> **WHAT THIS TASK INVOLVES**
Print exactly, and only, the lines from the one containing "2D Materials Deposition" through the last line of the records below, both included; leave out the pictures.

··········

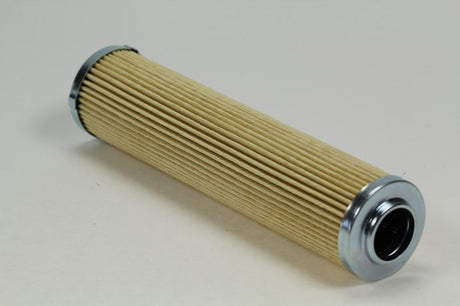 D131C10A Filter element for pressure filter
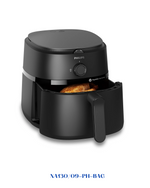 PHILIPS 1000 SERIES AIRFRYER 6.2 L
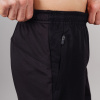 Брюки Nordski Run Black Q
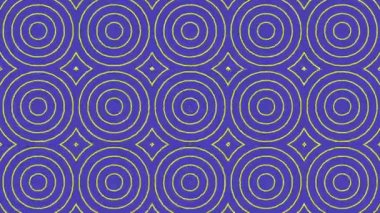 Hareketli görüntüleri arka plan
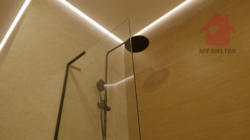 Продаж будинку! Чудова пропозиція! фото 26 Продаж будинку! Чудова пропозиція! фото 26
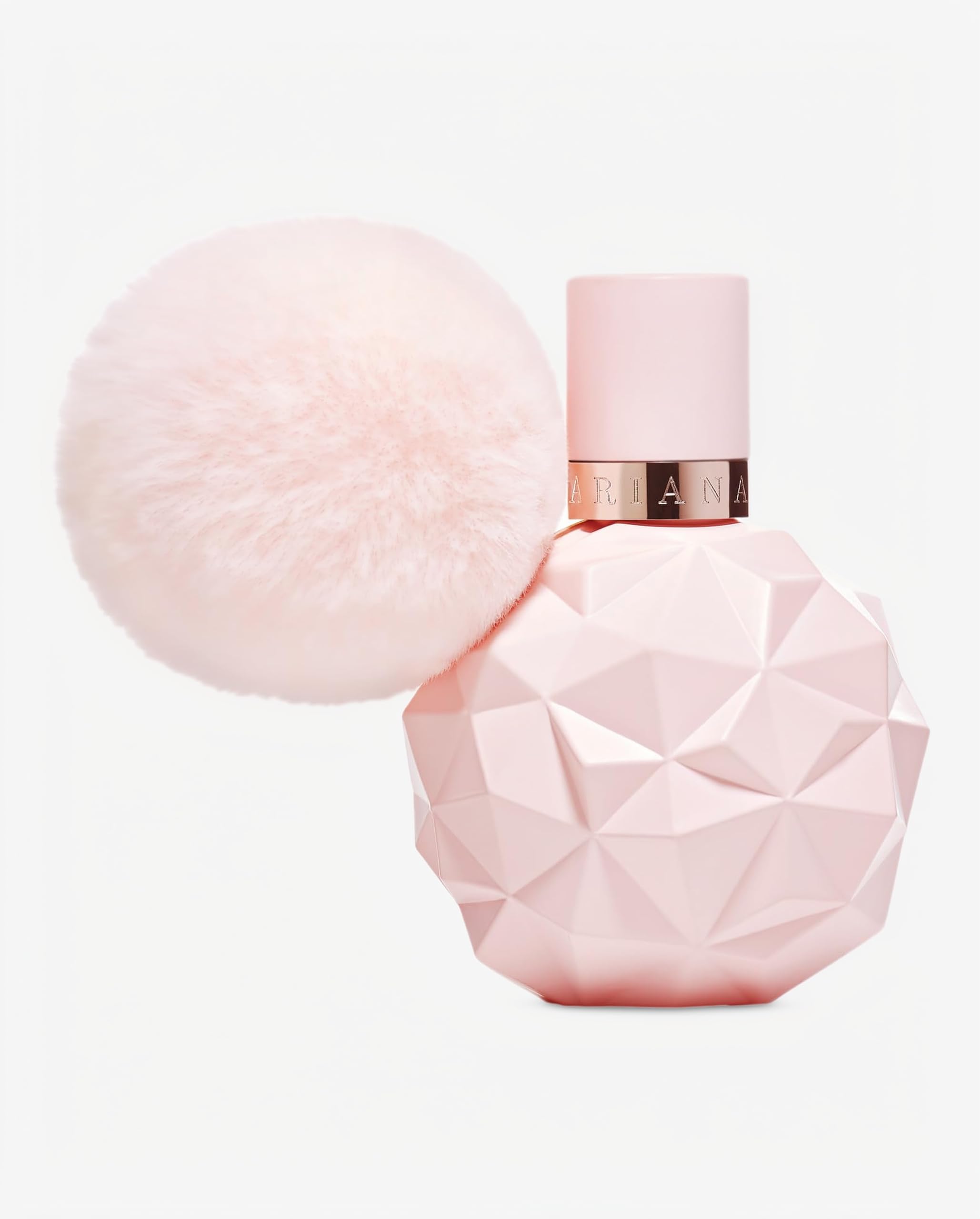 Ariana Grande 香水 100ml Amazon | アリアナグランデ スウィートライクキャンディ 100ml EDP SP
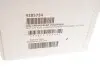 Пружина (задняя) Skoda Yeti 1.2-1.4TSI/2.0TDI 09-17 (SUV)/VW Golf V 1.9-2.0TDI 4motion 04-08(ус.ход) LESJOFORS 4285734 (фото 4)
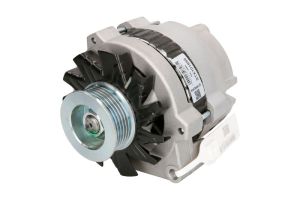 Alternator STX101856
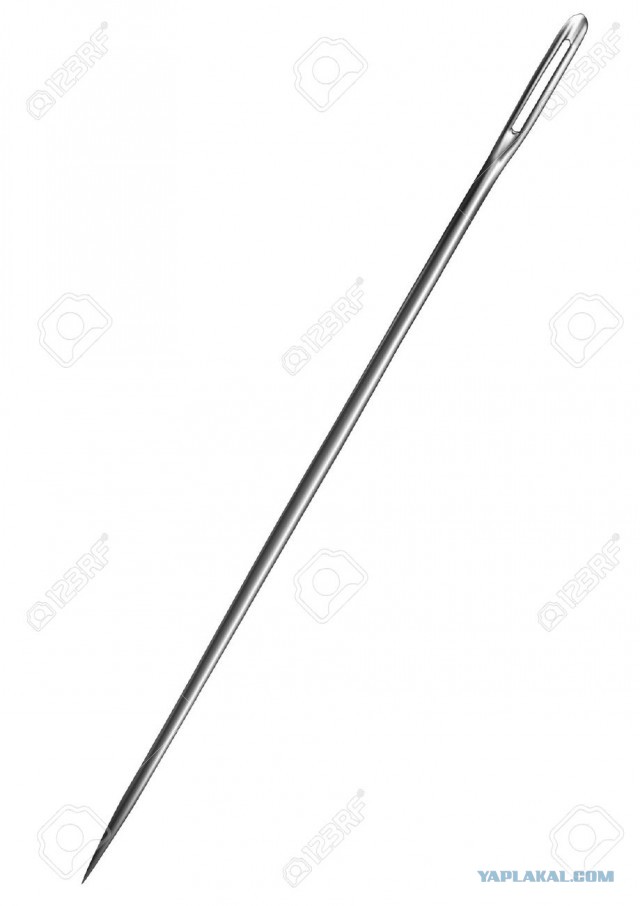 Дирижаблевая раскоряка или новые фото самого большого в мире дирижабля Airlander 10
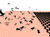 2D Materials Deposition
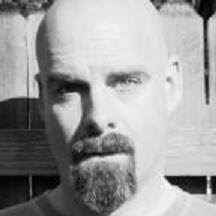 Richard Lay Photo 30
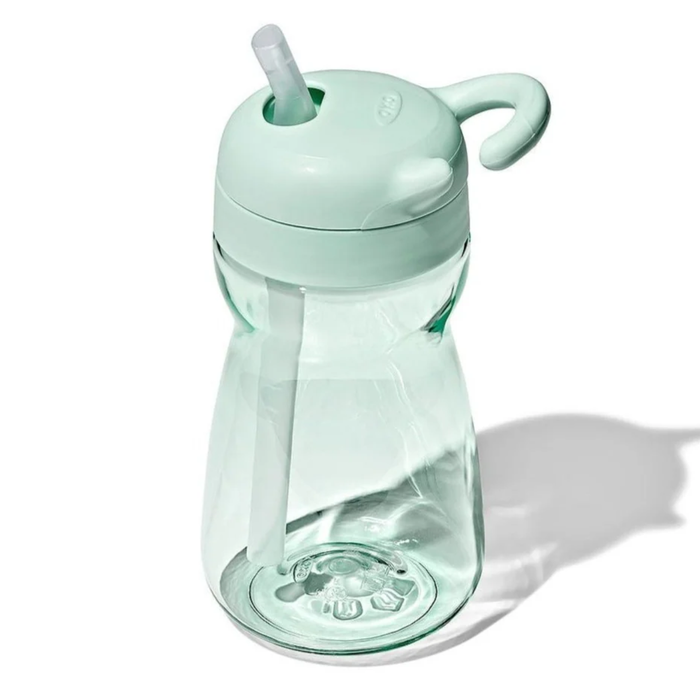 Oxo Adventure Water Bottle 12oz - Opal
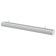 Phytoslight, LED, 30 watts, Zema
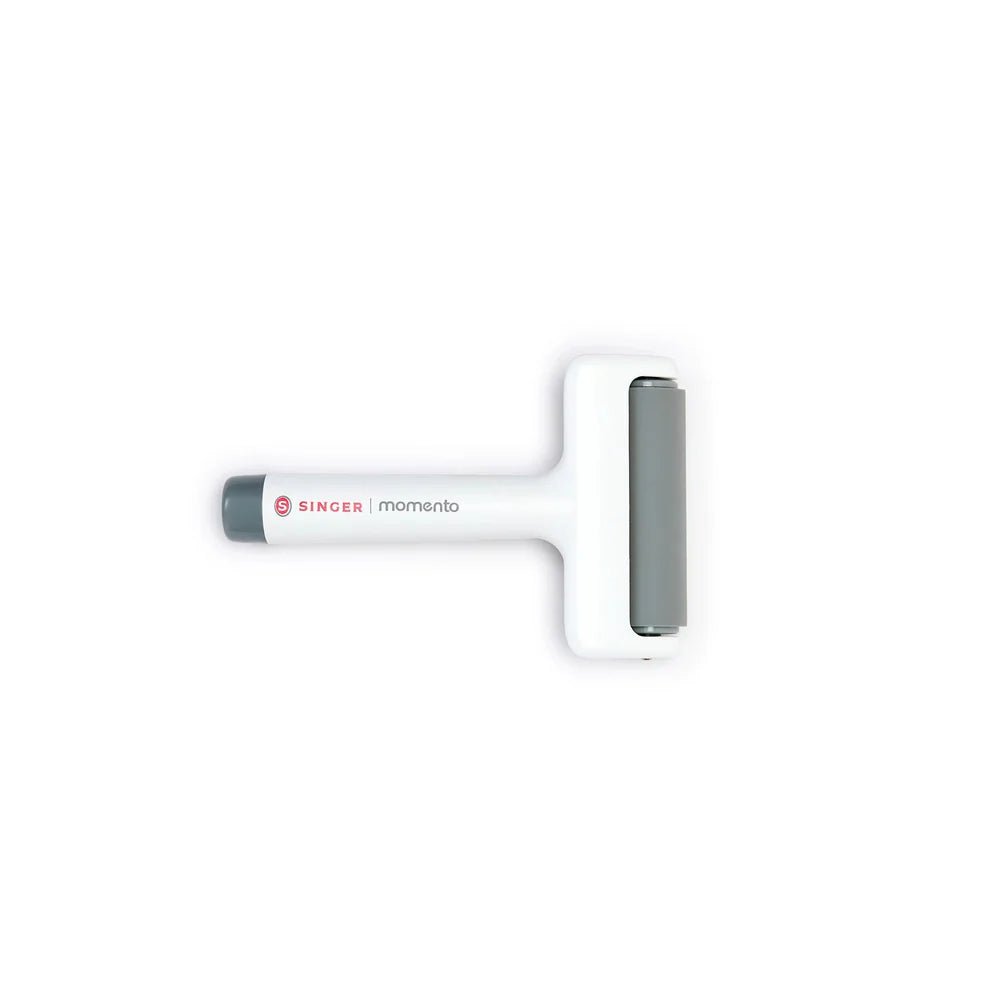 SINGER® MOMENTO™ 3" Brayer - Maple Leaf Quilting Company Ltd.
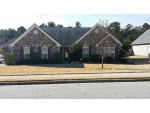 4220 Mulberry Ridge Lane Hoschton, GA 30548 - Image 3902696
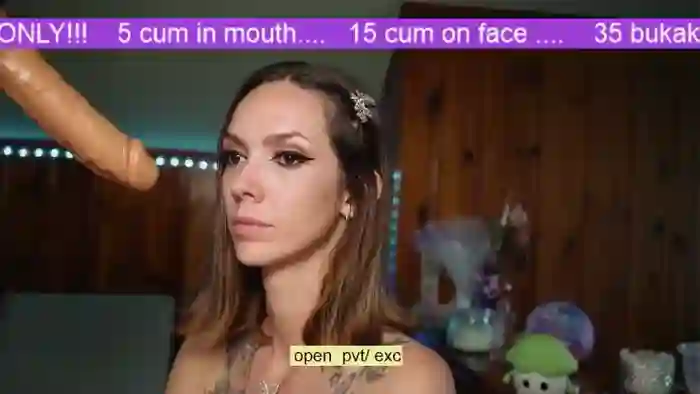 DestineV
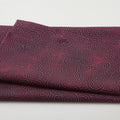 Jeweled Autumn Favorites - Noble Purple 2 Yard Cut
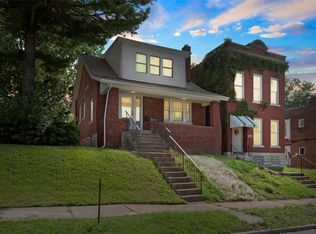 8532 Church Rd, Saint Louis, MO 63147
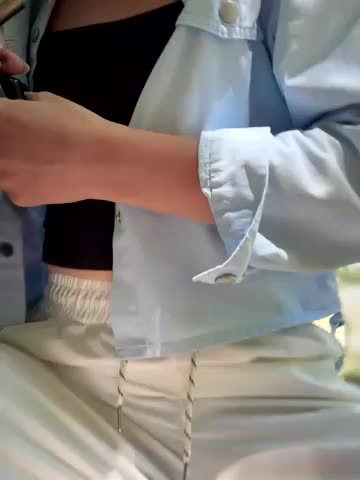 Crazy-Rosa Live Sex December 13, 2025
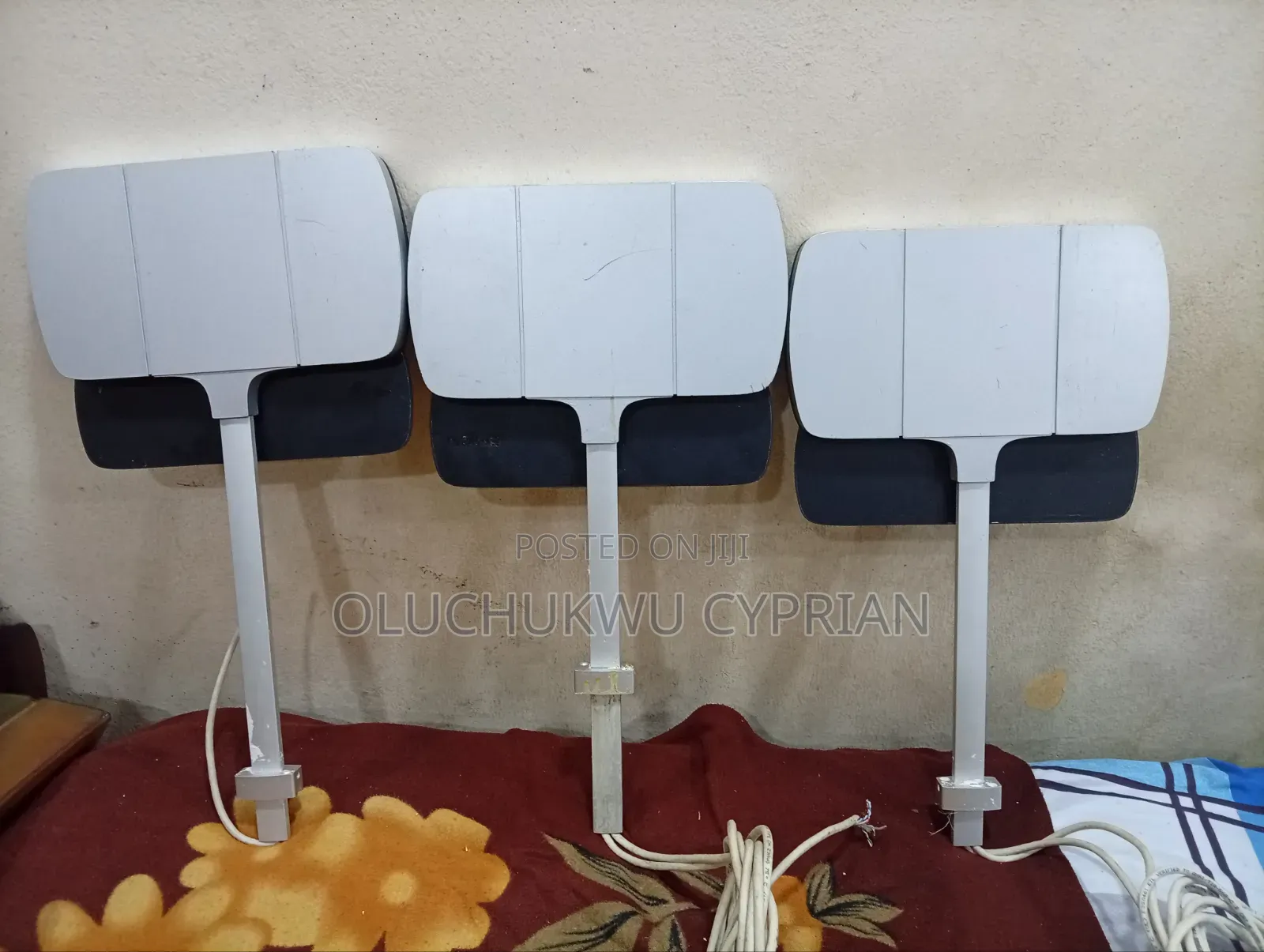 Qmatic Queue Control Management System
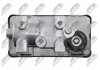 Фото автозапчасти nastawnik turbiny g-221/6nw008412/ | ford mondeo iii 2.0di/tddi/tdci,2.2tdci 2000-2007,jaguar x-type 2.0d,2.2d 2003-2009/728680-5009s,728680-0007/ NTY ECDFR000 (фото 5)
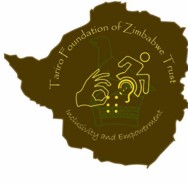 Tariro Foundation logo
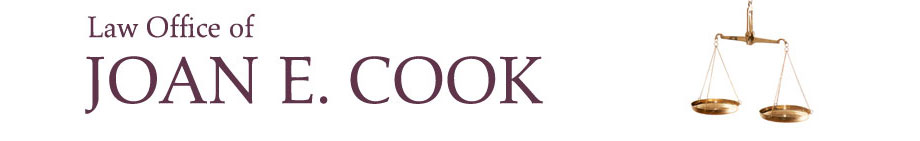 Jones & Cook Attorneys At Law Profile Picture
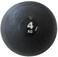 ULTIMAX Slam Medicine Balls Dead Weight Balls-4Kg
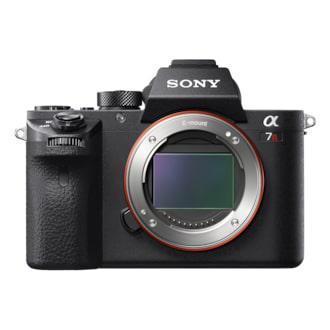 Acheter a7R II - Noir Reconditionné - 961,00 € a7R II - Noir Reconditionné Sony reconditionné disponible sur Backmarket
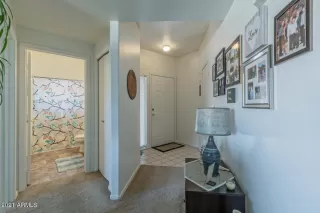 Photo #4: 6205390 Listing 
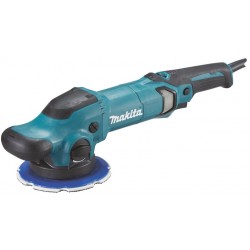 catalogo_PO6000C_C2L0.jpg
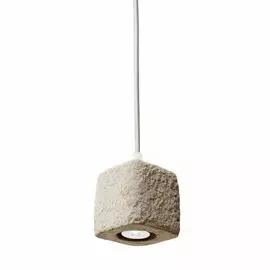 LOFT1551 Подвесной светодиодный светильник LOFT IT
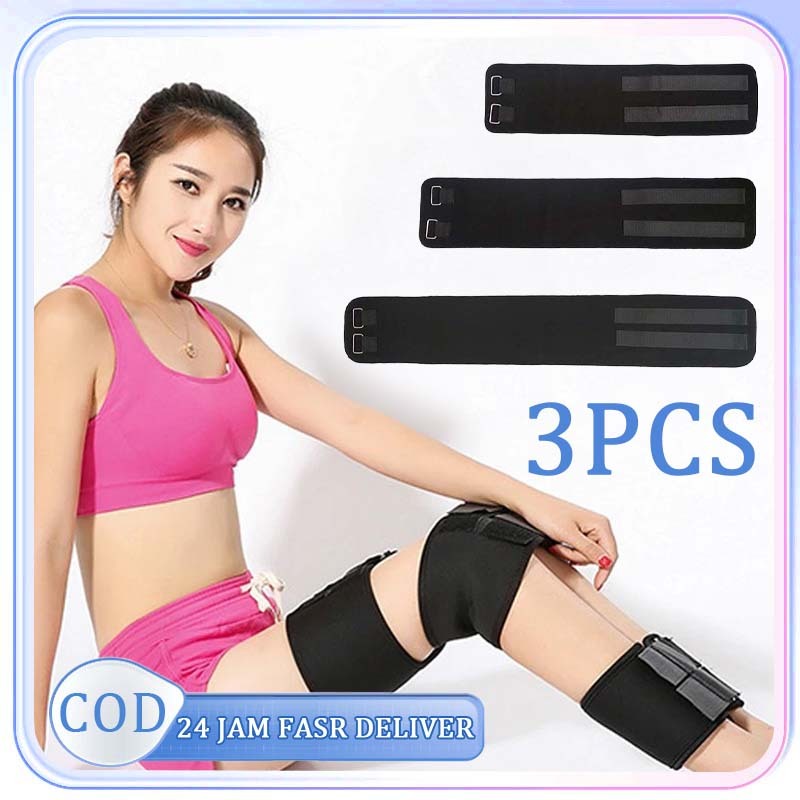 Alat Terapi Kaki O Alat Trapi Untuk Kaki Sabuk Terapi Kaki Sabuk Pelurus Kaki O Dan X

··········

> **TASK RESULT**
 2D Materials Deposition
 Richard Lay Photo 30
 Oxo Adventure Water Bottle 12oz - Opal
 Phytoslight, LED, 30 watts, Zema
 SINGER® MOMENTO™ 3" Brayer - Maple Leaf Quilting Company Ltd.
 4220 Mulberry Ridge Lane Hoschton, GA 30548 - Image 3902696
 DestineV
 Jeweled Autumn Favorites - Noble Purple 2 Yard Cut
 8532 Church Rd, Saint Louis, MO 63147
 Crazy-Rosa Live Sex December 13, 2025
 Qmatic Queue Control Management System
 Фото автозапчасти nastawnik turbiny g-221/6nw008412/ | ford mondeo iii 2.0di/tddi/tdci,2.2tdci 2000-2007,jaguar x-type 2.0d,2.2d 2003-2009/728680-5009s,728680-0007/ NTY ECDFR000 (фото 5)
 Tariro Foundation logo
 Jones & Cook Attorneys At Law Profile Picture
 ULTIMAX Slam Medicine Balls Dead Weight Balls-4Kg
 Acheter a7R II - Noir Reconditionné - 961,00 € a7R II - Noir Reconditionné Sony reconditionné disponible sur Backmarket
 Photo #4: 6205390 Listing 
 catalogo_PO6000C_C2L0.jpg
 LOFT1551 Подвесной светодиодный светильник LOFT IT
 Alat Terapi Kaki O Alat Trapi Untuk Kaki Sabuk Terapi Kaki Sabuk Pelurus Kaki O Dan X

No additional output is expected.